[Note: This review contains spoilers.]
Conviction is a mid-season replacement by Dick Wolf about young prosecutors, which premieres Friday, March 3 on NBC. I had a chance to see the pilot episode through an I-Tunes promotion, and I wanted to check out how the Law and Order folks would portray the role of prosecutors in our society.
It was appalling.
Don’t get me wrong. It’s a well-produced slick formula series that pushes all the right buttons, and it may do well. But it’s not a bit about justice and it continues that conviction-at-all-costs, defendants-are-scum philosophy (along with sensationalism) that was developed in the 27 or so Law and Order series.
There are a whole lot of very attractive young prosecutors having sex and dealing with their personal problems along with their prosecutorial jobs, and they end up at a bar at the end of the day à la Ally McBeal. But unlike Ally McBeal, the bars are meaningless (and so is the sex).
There’s the attractive African American prosecutor who never lost a case, (and to protect his record will dump the tough ones), the sloppy guy with his shirt-tails out who’s a good prosecutor but can’t handle his personal life, the attractive brunette who’s sleeping with her boss, the idealistic young man who comes from a privileged family and will have to shed that baggage. And I didn’t care about any of them.
There was one — an Assistant DA — that gave me just a glimmer of hope that here might be a character that cared about justice (and not just conviction). But they killed him off halfway through the pilot, in an apparent manipulative shock moment to make us see that prosecutors have tough, scary lives, and so we could feel for the young prosecutors who were sorry that their boss was dead.

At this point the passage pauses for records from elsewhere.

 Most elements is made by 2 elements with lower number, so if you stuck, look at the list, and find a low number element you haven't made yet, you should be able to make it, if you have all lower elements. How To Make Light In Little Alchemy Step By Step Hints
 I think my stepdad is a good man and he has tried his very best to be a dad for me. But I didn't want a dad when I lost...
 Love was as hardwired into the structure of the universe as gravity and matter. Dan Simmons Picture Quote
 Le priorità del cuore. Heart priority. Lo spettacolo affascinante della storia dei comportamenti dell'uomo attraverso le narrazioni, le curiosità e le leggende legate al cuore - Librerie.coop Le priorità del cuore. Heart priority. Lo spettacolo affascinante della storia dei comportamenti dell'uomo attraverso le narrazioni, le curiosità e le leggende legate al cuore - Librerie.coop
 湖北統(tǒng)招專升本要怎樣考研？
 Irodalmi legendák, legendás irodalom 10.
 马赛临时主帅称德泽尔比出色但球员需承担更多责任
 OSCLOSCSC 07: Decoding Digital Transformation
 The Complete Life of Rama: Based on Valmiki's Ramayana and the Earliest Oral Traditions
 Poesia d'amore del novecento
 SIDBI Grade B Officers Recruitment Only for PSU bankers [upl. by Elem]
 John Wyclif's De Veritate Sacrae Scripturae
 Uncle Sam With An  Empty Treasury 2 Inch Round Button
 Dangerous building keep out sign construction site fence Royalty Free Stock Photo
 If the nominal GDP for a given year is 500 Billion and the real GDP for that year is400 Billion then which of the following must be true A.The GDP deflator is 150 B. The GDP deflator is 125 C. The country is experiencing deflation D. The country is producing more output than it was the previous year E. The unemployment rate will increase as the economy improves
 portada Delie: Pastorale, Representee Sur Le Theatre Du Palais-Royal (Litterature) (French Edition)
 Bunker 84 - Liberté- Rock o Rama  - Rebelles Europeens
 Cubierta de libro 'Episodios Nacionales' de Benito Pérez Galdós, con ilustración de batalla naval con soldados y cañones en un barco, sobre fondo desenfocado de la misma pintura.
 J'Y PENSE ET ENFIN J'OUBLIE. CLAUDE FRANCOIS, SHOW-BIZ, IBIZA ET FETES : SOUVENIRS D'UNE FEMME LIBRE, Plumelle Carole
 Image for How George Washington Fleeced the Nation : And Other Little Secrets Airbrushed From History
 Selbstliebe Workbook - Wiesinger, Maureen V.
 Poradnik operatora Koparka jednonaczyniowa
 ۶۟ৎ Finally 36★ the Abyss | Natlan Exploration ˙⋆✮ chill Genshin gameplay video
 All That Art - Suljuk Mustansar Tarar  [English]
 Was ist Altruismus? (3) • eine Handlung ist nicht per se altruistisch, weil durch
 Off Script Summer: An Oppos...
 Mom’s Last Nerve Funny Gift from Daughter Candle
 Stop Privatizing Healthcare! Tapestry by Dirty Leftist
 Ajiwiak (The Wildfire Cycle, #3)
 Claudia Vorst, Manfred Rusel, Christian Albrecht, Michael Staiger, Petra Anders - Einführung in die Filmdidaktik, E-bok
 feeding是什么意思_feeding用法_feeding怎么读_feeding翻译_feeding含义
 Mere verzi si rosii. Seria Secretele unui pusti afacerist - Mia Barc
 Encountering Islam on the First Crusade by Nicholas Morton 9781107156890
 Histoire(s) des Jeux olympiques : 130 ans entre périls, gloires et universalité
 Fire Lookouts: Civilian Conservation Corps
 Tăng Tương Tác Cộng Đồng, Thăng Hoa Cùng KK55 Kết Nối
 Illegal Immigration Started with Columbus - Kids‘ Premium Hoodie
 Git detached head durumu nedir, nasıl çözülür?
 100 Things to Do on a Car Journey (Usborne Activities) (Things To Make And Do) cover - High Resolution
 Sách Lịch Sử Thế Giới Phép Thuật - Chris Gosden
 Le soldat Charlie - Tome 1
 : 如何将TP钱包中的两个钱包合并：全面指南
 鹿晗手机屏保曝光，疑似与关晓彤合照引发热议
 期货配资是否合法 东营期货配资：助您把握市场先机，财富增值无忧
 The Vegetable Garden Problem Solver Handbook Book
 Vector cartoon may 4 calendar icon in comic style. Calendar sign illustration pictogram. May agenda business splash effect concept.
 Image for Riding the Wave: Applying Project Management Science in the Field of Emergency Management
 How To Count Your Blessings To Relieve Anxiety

Now lets take a look at the cases being prosecuted. Mostly drugs, of course. The marquee event was the Escobar case. The producers wanted to be sure there would be no question which side you should be on. The drug trafficker was a sleazy guy who would entice attractive blond white women into partying at his clubs and then convince them to swallow balloons of drugs and smuggle them. When one of the balloons broke and a girl started to OD, he personally slit her belly open to retrieve the drugs, all in the presence of her friend (who oddly had been allowed to turn down the drug smuggling offer and even more oddly was left alive to tell the story).
The prosecutors were going to do anything to get their conviction.
At one point, when the witness is too scared to testify…
Arrest her.
There’s no proof she committed a crime.
Find some. A couple nights in Ryker and she’ll sing Bel Canto.
Later, they do arrest her, charging her with felony drug conspiracy and felony murder, in order to force her testimony.
The second case — the comic relief subplot case — was about a young black man arrested for selling crack.
The officer — an incredibly fat white man who looked like he’d have a heart attack if he walked 10 feet — tells the green prosecutor:
You didn’t plead him out? I appreciate your efforts, counselor, but this case is strictly N-H-I… there was No Humans Involved — it’s scum dealing drugs to scum. A less enlightened guy might say “who cares.”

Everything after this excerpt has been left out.